--- Aim of the task ---
Take the lines from the one containing "Usata Kia Venga" through the end of the material and write them out exactly, omitting pictures.

*** Opening of Data to process ***

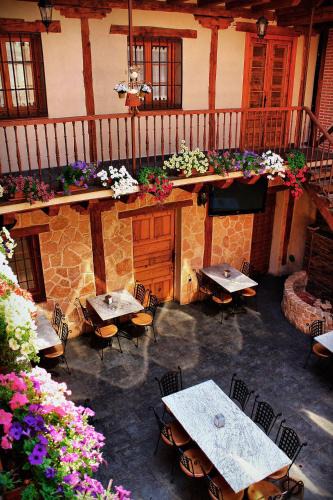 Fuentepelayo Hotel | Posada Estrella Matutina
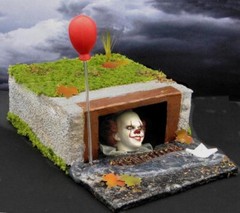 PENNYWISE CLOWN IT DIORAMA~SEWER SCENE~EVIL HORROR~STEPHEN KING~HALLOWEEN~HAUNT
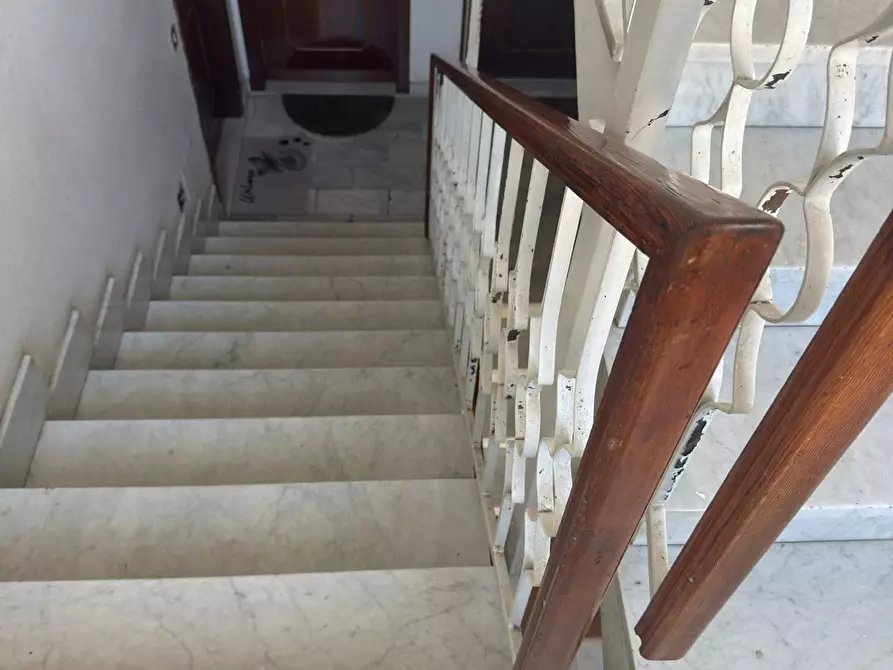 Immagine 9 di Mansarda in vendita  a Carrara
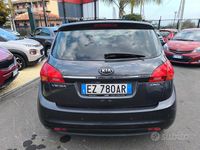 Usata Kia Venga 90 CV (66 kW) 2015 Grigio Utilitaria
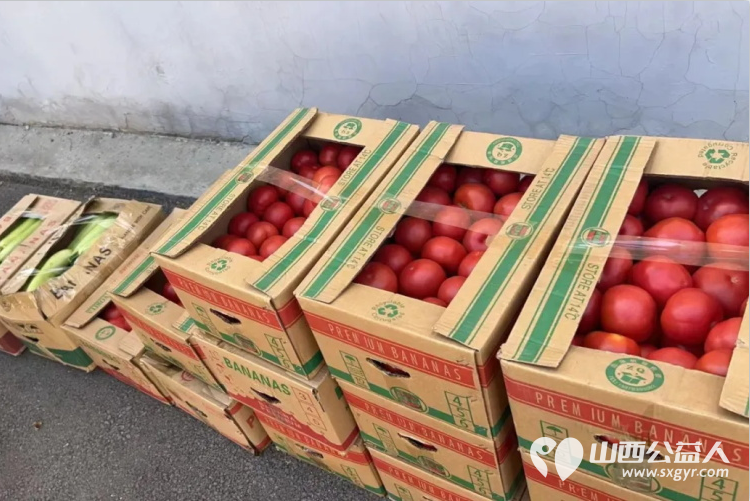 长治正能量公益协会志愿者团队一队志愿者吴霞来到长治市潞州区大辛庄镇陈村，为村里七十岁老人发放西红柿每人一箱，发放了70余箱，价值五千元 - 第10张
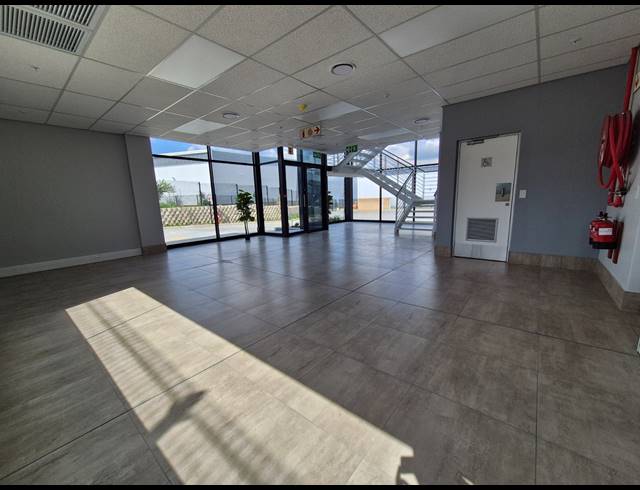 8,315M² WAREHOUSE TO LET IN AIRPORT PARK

*** Close of Data to process ***

--- Answer below ---
 Usata Kia Venga 90 CV (66 kW) 2015 Grigio Utilitaria
 长治正能量公益协会志愿者团队一队志愿者吴霞来到长治市潞州区大辛庄镇陈村，为村里七十岁老人发放西红柿每人一箱，发放了70余箱，价值五千元 - 第10张
 8,315M² WAREHOUSE TO LET IN AIRPORT PARK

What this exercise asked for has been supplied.